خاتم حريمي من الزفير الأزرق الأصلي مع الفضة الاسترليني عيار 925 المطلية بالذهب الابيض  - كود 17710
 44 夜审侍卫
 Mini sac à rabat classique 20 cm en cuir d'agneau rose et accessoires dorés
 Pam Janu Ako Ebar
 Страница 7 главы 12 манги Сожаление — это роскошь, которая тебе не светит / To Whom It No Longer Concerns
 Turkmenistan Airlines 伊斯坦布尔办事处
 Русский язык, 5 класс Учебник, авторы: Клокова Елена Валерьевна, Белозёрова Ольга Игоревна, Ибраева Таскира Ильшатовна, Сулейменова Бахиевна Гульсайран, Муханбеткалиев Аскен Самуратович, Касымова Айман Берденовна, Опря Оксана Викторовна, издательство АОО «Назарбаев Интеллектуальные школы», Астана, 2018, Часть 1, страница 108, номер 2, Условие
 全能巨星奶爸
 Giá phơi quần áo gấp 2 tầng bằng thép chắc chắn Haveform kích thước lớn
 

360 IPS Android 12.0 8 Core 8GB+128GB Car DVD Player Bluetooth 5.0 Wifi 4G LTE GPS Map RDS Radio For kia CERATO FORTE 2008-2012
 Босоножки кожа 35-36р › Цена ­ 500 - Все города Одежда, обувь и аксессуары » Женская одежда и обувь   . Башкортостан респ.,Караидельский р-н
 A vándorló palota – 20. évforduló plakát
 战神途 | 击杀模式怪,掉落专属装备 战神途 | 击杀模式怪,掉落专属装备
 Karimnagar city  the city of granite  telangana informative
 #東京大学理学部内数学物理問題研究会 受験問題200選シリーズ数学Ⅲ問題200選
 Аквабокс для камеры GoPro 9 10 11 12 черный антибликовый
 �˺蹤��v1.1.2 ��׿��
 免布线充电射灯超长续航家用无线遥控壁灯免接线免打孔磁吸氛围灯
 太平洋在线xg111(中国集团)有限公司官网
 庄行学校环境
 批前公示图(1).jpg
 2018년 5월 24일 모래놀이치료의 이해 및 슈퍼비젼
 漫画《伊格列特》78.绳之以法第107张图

○ ○ ○ ○

* _Task_:
An exact copy of the lines from the one with "the city of" to the final line of the entries is all that the answer should hold.

* _Result below_:
 Karimnagar city  the city of granite  telangana informative
 #東京大学理学部内数学物理問題研究会 受験問題200選シリーズ数学Ⅲ問題200選
 Аквабокс для камеры GoPro 9 10 11 12 черный антибликовый
 �˺蹤��v1.1.2 ��׿��
 免布线充电射灯超长续航家用无线遥控壁灯免接线免打孔磁吸氛围灯
 太平洋在线xg111(中国集团)有限公司官网
 庄行学校环境
 批前公示图(1).jpg
 2018년 5월 24일 모래놀이치료의 이해 및 슈퍼비젼
 漫画《伊格列特》78.绳之以法第107张图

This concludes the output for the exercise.